Updating AST's in a functional language (was: 8-queens contest) 
Author Message
 Updating AST's in a functional language (was: 8-queens contest)

Quote:
> As an example of the kind of thing you can do, suppose you have a binary
> tree of numbers and you should (for some reason) replace all of the
> numbers with the minimum of the numbers in the tree. How many times do
> you need to traverse the tree? With laziness: only once. (In a strict,
> pure functional language: twice).

Yes, this is one of the Seven Wonders of (Lazy) Functional
Programming.  Unfortunately, the resulting code allocates more heap
and takes more time to run (I ran a quick test with Hugs 1.4 and GHC
3.02), because of tupling. But it's a neat trick.

Regards,
  Laszlo



Sat, 04 Aug 2001 03:00:00 GMT  
 Updating AST's in a functional language (was: 8-queens contest)

Quote:


> >> But if you need it to be O(1) rather than O(log N), then
> >> why not use that above-mentioned Erlang facility for global variables
> >> that can be updated destructively?  Surely that is exactly
> >> what it is there for?

> >Alas, only the top node of the tree can be assigned to a global variable.
> >The rest is "single assignment" like any normal Erlang variable.

> I don't know Erlang very well at all.  But I think there will
> be some way of doing this kind of thing in Erlang, even if
> the above-mentioned global variable construct isn't it.
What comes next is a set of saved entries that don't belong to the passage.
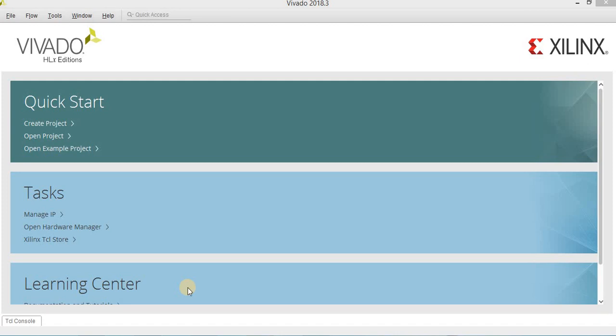Hi everyone. In this video, I will try to explain some basic concepts that you need during the lab. For example, I will give some basic knowledge regarding the logic gates, and how to generate a project by using Vivado, and how to test your circuit by using test bench. These are the basic titles that we are going to mention in this video.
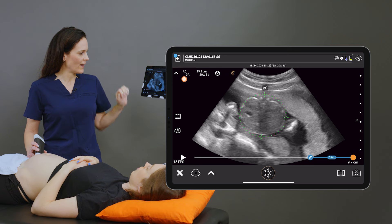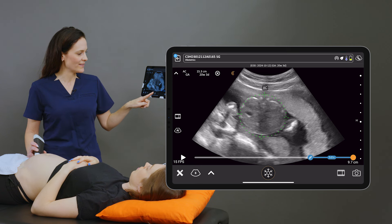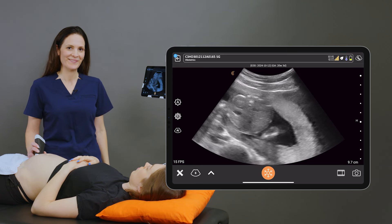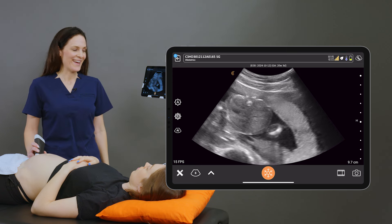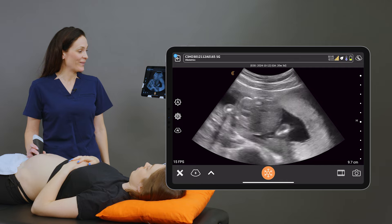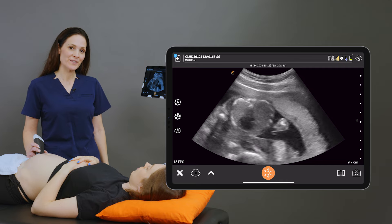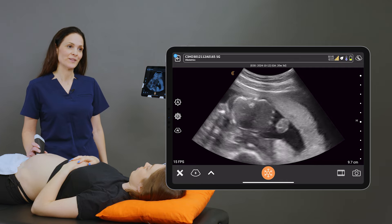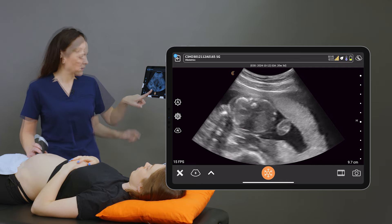At 20 weeks and three days, we can save that image, and that's how we can easily measure an abdominal circumference on a second trimester pregnancy.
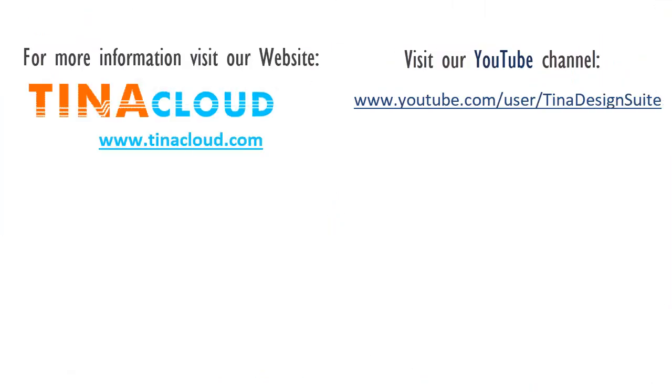For more information, visit our website at tinacloud.com. Visit our YouTube channel at youtube.com/user/tinadesignsuite.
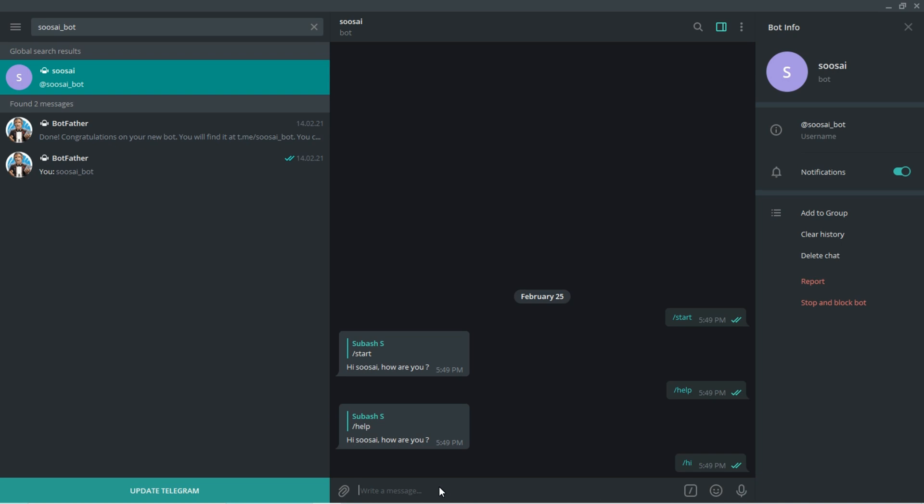This is how we created our very own autoresponder bot using Python. If you have any doubts or questions, please let me know in the comment section. I will clear that. Thanks for watching, keep supporting us, thank you.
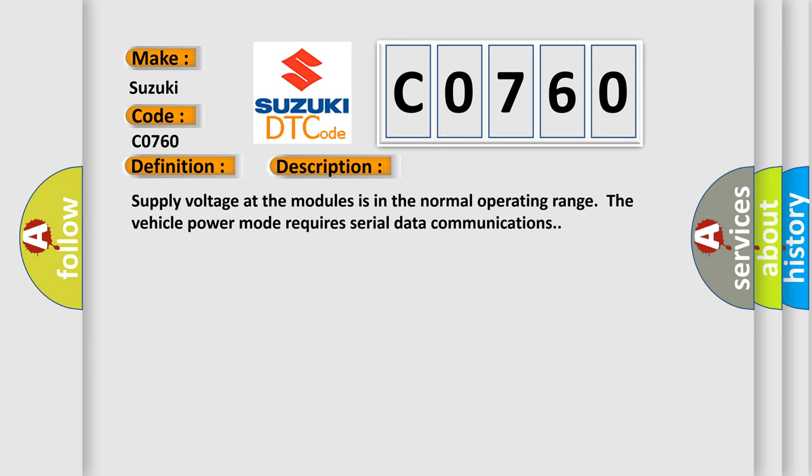Supply voltage at the modules is in the normal operating range. The vehicle power mode requires serial data communications.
> From a conversation I had a few years ago with Joe Armstrong,
> I understand that Erlang has some kind of "table" or "database"
> construct that basically gives you some kind of hash tables with
> destructive update.  You should be able to easily use that to implement
> "pointers" (a pointer is just an int, dereferencing a pointer is just
> looking up the int in the table, assigning via a pointer is just storing
> a value in the table), and then you can implement data structures
> with destructive update using these "pointers", just as you would in C.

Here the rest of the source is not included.